WORK REQUIRED: From the line containing "Olivgrön kort sweatshirt" to the line containing "carpeted bedroom featuring" in the entries below, reproduce every line exactly, ends included. Nothing else belongs in the copy, and no pictures.

TASK INPUTS:
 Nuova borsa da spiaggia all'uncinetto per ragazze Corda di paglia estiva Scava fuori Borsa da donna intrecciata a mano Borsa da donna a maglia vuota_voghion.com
==
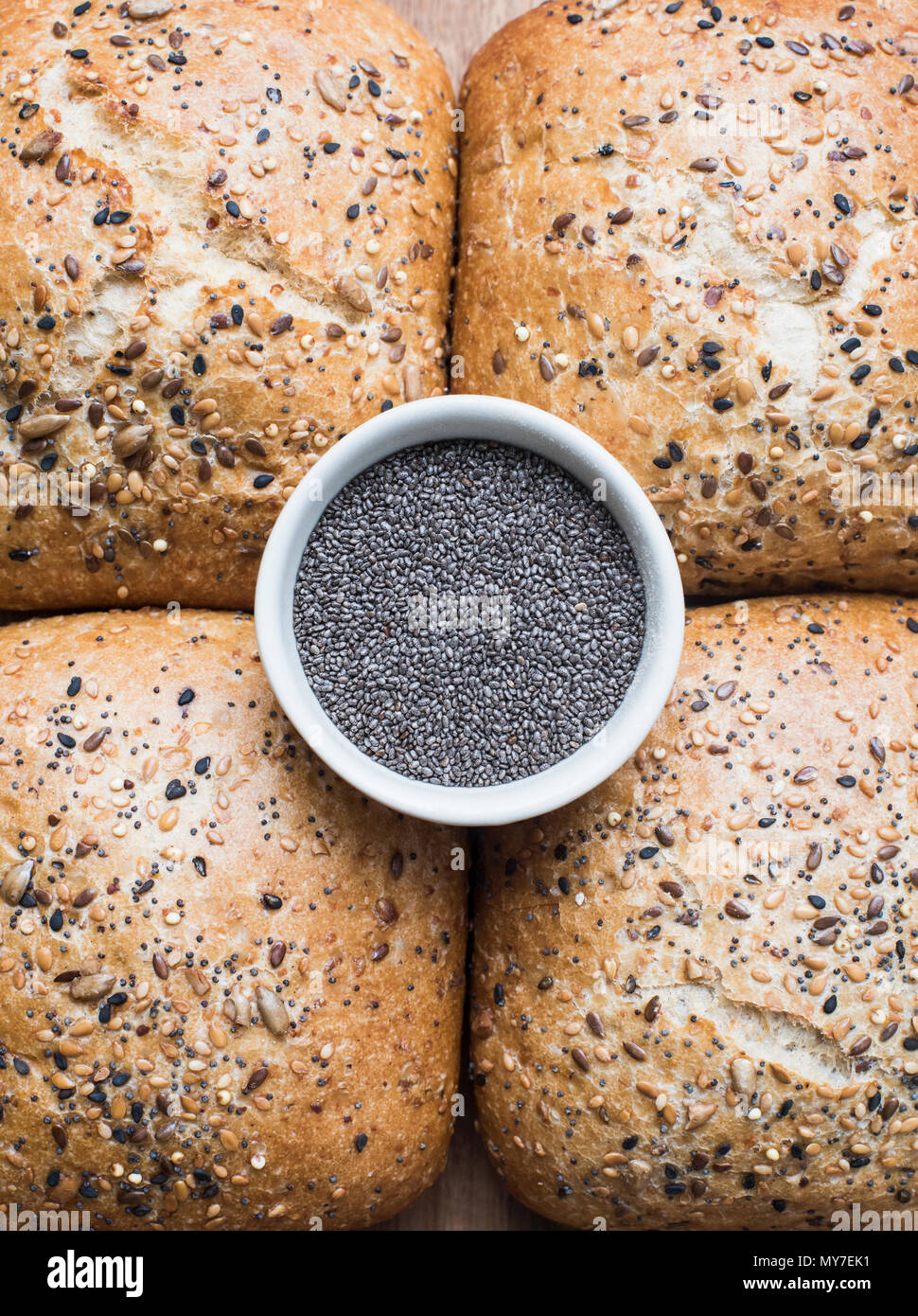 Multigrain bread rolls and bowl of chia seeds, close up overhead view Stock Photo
...
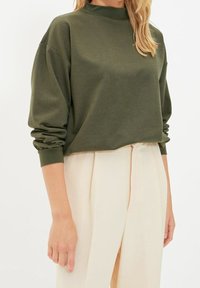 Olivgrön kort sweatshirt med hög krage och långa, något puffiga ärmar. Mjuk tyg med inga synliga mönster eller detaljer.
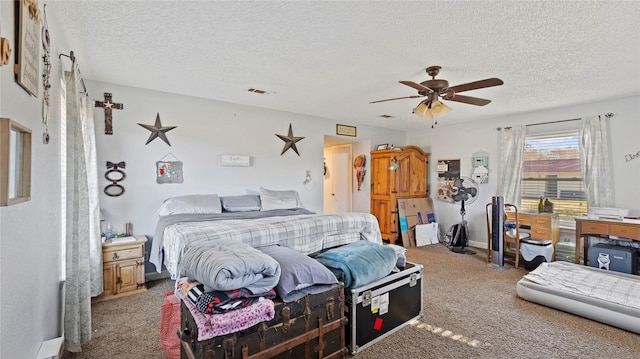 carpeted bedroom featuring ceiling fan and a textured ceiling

ANSWER FOR THE TASK:
 Olivgrön kort sweatshirt med hög krage och långa, något puffiga ärmar. Mjuk tyg med inga synliga mönster eller detaljer.
 carpeted bedroom featuring ceiling fan and a textured ceiling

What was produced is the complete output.